Data excerpt -
******
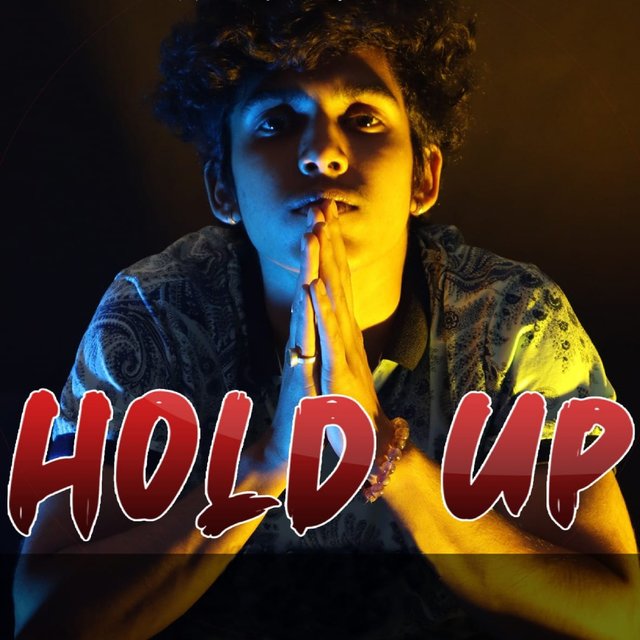 HOLD UP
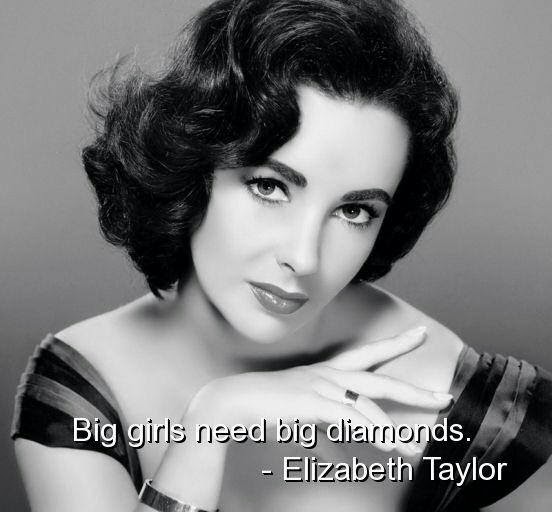Elizabeth Taylor Quotes Elizabeth Taylor Quotes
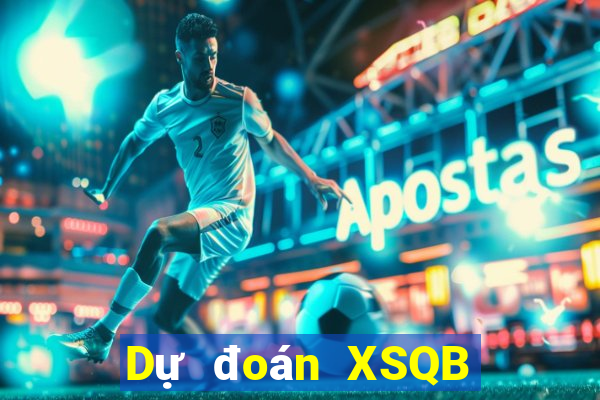 Dự đoán XSQB ngày 27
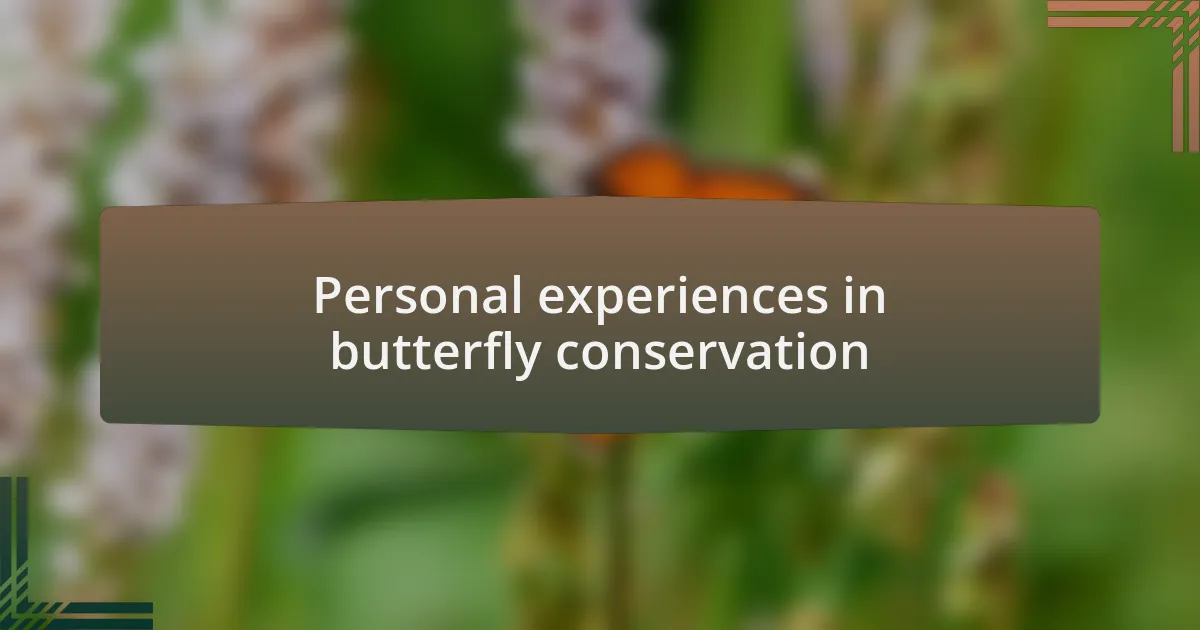 Personal experiences in butterfly conservation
******
Your answer must be an exact copy of the data above, minus its pictures.

 HOLD UP
Elizabeth Taylor Quotes Elizabeth Taylor Quotes
 Dự đoán XSQB ngày 27
 Personal experiences in butterfly conservation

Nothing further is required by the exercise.